Thüringische Landeszeitung (Jena)
Ein schlechtes Jahr für den Uhu
Forscher Martin Görner aus Jena fordert: Der Eulenvogel muss zurück auf die Rote Liste der vom Aussterben bedrohten Arten
JENA. Frau Görner ging am Morgen wieder arglos in den Garten. Dann blickte sie nach rechts.
Sie eilte ins Haus, stieß die Tür zur Stube auf, im Sessel saß ihr Mann, er sprach ins Telefon und schaute sie an.
Im Gartenschuppen ganz hinten, dicht an der Wand, da hocke ein Uhu und glotze sie an, rief sie dem Gatten entgegen. „Das war ein Erlebnis. Ich war natürlich erschrocken.“
Bist du sicher?, fragte Martin Görner und drehte seinen Hörer ein wenig vom Ohr.
Selbstverständlich, bemerkte Gattin Brigitte, sie habe schon einige Uhus bei ihm gesehen im Laufe der letzten Jahrzehnte.
Dieser Hinweis ließ Görner das Telefongespräch beenden. Immerhin hat der Artenschutzforscher aus Jena in den vergangenen 45 Jahren fast alle jungen Uhus in Thüringen beringt. Das sind mehr als 1200.
Aber noch nie hatte ein Uhu den führenden Uhu-Experten des Landes zu Hause aufgesucht. „Das erschien mir auch nicht sehr wahrscheinlich“, sagt Görner. Trotzdem ging er in den Garten, den er Stunden zuvor schon einmal inspiziert hatte, weil, was ungewöhnlich war, zehn bis 15 Krähen im Walnussbaum des Nachbarn wie von Sinnen schrien. „Ich habe noch gedacht, die krächzen, als wenn hier ein Uhu wäre“, erinnert sich Görner. Aber er entdeckte keinen Uhu im Baum. „Ich habe den Gedanken dann gleich wieder weggetan.“
Jetzt aber sah Görner den Vogel im Schuppen in der hintersten Ecke. „Völlig Uhu-untypisch“, sagt er. „Das zeigte sein großes Schutzbedürfnis.“Die größte Eule der Welt, die Bussarde und Rotmilane mit ihren drei Zentimeter langen Krallen durchbohrt und davonträgt, saß da verletzt und hatte Angst vor Krähen, die Uhus hassen.
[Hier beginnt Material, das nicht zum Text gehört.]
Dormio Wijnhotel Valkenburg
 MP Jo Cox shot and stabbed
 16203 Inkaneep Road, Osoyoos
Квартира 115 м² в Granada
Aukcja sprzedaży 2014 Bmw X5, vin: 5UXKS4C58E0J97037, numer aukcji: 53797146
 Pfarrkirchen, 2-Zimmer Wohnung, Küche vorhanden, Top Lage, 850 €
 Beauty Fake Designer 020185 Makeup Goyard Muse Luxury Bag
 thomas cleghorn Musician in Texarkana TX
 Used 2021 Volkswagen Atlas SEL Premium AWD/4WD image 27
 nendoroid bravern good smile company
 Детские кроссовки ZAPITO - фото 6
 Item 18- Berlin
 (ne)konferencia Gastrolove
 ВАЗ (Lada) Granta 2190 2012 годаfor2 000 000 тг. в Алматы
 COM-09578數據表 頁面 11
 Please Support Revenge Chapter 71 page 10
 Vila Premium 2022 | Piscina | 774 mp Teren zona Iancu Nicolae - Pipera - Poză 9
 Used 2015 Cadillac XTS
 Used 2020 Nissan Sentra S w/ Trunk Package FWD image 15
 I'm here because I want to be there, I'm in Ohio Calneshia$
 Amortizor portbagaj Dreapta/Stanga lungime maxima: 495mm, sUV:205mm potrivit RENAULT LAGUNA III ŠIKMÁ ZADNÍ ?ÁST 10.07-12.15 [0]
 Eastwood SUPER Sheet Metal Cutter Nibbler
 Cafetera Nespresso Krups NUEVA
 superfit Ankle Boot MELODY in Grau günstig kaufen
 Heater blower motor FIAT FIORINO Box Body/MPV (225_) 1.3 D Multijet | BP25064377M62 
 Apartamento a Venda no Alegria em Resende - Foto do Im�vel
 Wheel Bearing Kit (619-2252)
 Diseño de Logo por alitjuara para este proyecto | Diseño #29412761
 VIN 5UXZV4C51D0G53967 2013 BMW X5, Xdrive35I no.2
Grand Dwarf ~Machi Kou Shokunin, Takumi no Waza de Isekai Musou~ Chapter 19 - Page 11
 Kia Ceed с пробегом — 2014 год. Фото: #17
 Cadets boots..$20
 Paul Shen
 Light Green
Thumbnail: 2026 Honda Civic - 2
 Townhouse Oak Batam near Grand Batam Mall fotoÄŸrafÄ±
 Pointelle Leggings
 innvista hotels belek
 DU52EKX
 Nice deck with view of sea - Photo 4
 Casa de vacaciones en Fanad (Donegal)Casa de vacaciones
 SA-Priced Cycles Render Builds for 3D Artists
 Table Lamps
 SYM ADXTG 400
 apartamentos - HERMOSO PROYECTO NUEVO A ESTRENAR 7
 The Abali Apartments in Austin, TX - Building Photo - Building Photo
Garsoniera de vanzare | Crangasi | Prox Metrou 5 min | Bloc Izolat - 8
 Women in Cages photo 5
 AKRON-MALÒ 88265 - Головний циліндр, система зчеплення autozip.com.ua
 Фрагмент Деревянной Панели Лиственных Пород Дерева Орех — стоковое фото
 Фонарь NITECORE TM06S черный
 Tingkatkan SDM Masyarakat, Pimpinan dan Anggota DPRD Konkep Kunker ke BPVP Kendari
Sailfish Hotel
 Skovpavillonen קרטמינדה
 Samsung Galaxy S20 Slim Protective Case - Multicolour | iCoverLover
Der tote Igel auf des Nachbarn Flachdach, über den sich Görner schon gewundert hatte, bekam plötzlich Sinn. „Der Uhu hat sich wahrscheinlich bei der Jagd auf den Igel in einem der Gärten verletzt und die Beute fallen lassen“, sagt Görner. „Aber das ist natürlich eine Vermutung.“
Wenn ein Uhu in den Gärten einer Stadt wie Jena Igel jagt, ist das kein gutes Zeichen. Es belegt, wie schlecht es um ihn steht. „Uhus finden in der offenen Landschaft in Thüringen kaum mehr etwas zu fressen.“Hamster und Kaninchen, einst ihre Leib- und Magenspeise, sind so gut wie verschwunden.
„In den vergangenen Jahrzehnten habe ich keinen Uhu in Thüringen mit Normalgewicht gewogen“, sagt Görner. Auch der 26 Jahre alte Kerl, der älteste Wild-Uhu Deutschlands, der vor zwei Jahren in Rudolstadt in einen Draht flog und starb, wog lächerliche 1100 Gramm – knapp zwei Kilo wären wohlgenährt gewesen.
Dem Uhu im Schuppen ging es nicht gut. Görner holte die Decke, „meine berühmte Decke“,
sagt er, die immer griffbereit liegt, und warf sie dem Vogel übers Haupt. So kann der Uhu zumindest nicht mehr mit dem Schnabel hacken. Gefährlich bleibt er trotzdem.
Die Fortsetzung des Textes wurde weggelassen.